An excellent article by Jane Mayer in The New Yorker, "The Trial," points to a terrific reason for trying Al Qaeda terrorists in the court system rather than military tribunals.
According to Kate Martin, the director of the Center for National Security Studies, in Washington, the military can’t simply grab suspects inside the U.S. and hold them without charge or a hearing. “It violates the Constitution, which extends to everyone inside the U.S.,” she said. “You can’t be seized without probable cause. You have the right to due process, and to a trial by a jury of your peers—which a military commission is not.”

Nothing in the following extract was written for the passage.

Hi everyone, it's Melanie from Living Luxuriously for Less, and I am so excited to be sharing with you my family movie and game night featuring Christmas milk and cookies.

...[Attorney General] Holder shook his head at Scott Brown’s assertion that America’s “laws are meant to protect this nation, not our enemies.” Such rhetoric, he said, was “inconsistent with a little organization called the United States Supreme Court.” During the Bush years, U.S. courts consistently struck down claims that detainees at Guantánamo, including Khalid Sheikh Mohammed, were beyond the reach of U.S. and international law. Moreover, Guantánamo detainees receive legal counsel that is paid for by the U.S. government.That got me to thinking about how the people who are screaming "military tribunal!" would feel if, while on vacation in a foreign country, they were accused of a serious crime, and found themselves spirited off to a secret prison outside of the normal justice system.
I'm pretty sure they'd now be screaming, "Get me a lawyer! Let me call the American embassy! This is unjust!"
Yet if the United States is going to allow some non-citizens accused of a crime on this country's soil to be handled outside of the constitutional justice system, why shouldn't other countries be able to do the same thing to our citizens?
I sympathize with the desire to deal with terrorists harshly and without mercy. But that's an emotional reaction. The U.S. is better than that.
Let's live up to our highest standards, which also happen to be the standards by which we'd like to be treated if we were arrested for a crime in another country.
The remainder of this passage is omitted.